私は高校時代から小説を好んで読むようになったが,話の面白さよりも表現を味わうことこそを尊んでいる。現代文の授業がよかったのだ。しかし,この作品は「新潮ミステリー大賞受賞作」という宣伝文句である。私の趣味に合うことはあまり期待していなかった。謝らねばならない。この小説は,ほかのジャンルでもあるかもしれないが,確かに純文学でもある。
第一印象は,「漢字の使いかたが独特だ」である。「いう」「おもった」などはひらがなで書かれている。はじめ,若干読みにくい。ところが,しばらく読んでいるとあえてそうしているのかもしれないという気分になってくる。「おもう」を簡単に「思う」などとしてよいのだろうかと感じられるのだ。そうなると,多少読みにくいと思っていたことなど忘れ去られる。これこそが正しい表現だったのだ。
登場人物たちの主義主張はかなり激しい。哲学的な話・倫理的な話・感性的な話などが挟みこまれる。また,専門用語も比較的多いし,独白も長い。私はもとよりこれらの分野に興味があったので戸惑わなかったが,興味のない人にはやや読みにくいかもしれない。それくらい,正面切って現れる。はじめ,こうしたものがテーマだろうかと自分の価値観と照らしていたが,そうしたことはしないほうがよいように思われる。主人公とともに翻弄され,感性のまま受け取ればよさそうだ。

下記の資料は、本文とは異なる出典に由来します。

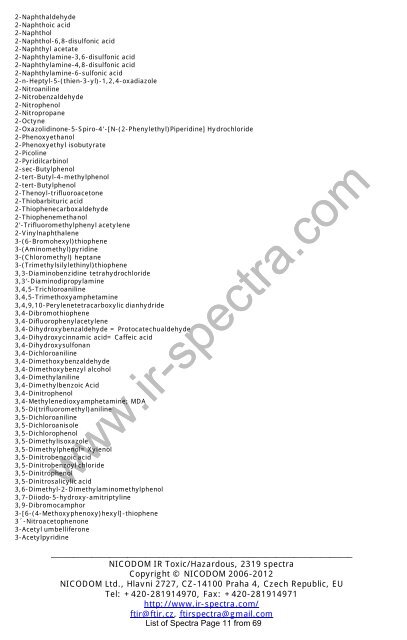 Download List of spectra - FTIR Spectra. Infrared spectra Library ...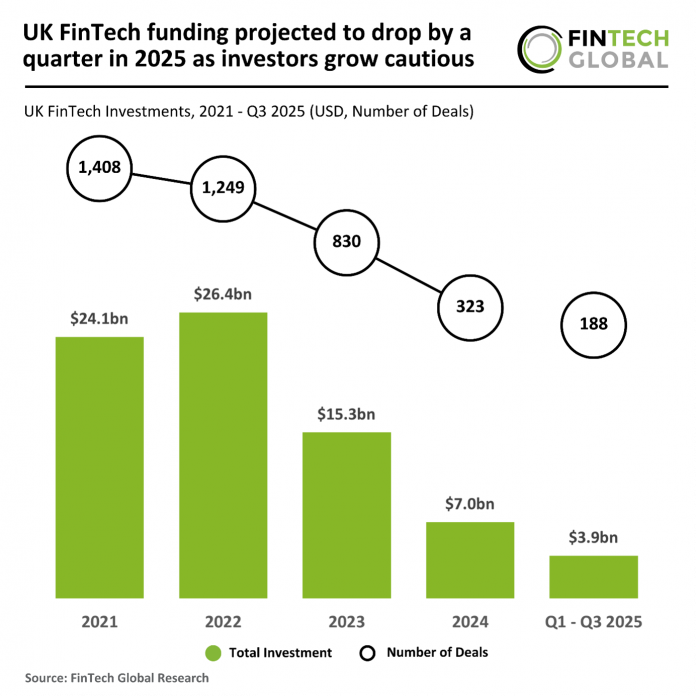 uk fintech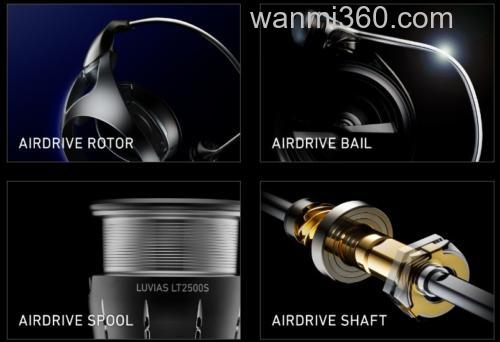 轻量进化20年 DAIWA 2024 LUVIAS 纺车轮_9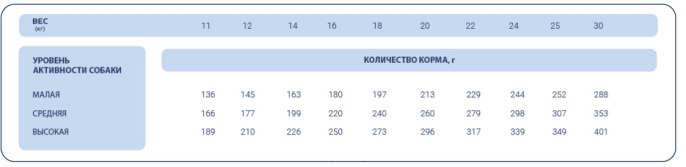 Сухой корм для собак средних пород Pet's Brunch Adult Medium Breeds (курица, рис) (4 кг)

私はうみみずと仲良くなれるだろう。彼女は人間を特別視するのは単なる人類の傲慢だという態度を崩さない。一方,粒山とは仲良くなれそうにない。しかし,見どころはある。桜や月を見てきれいだと思うことを芸術的な感性だと褒めておいて,ぼくも女性をみるときれいだなあかわいいなあと思うから文化的だと言ってしまうのだ。素晴らしい。いかにも人類である。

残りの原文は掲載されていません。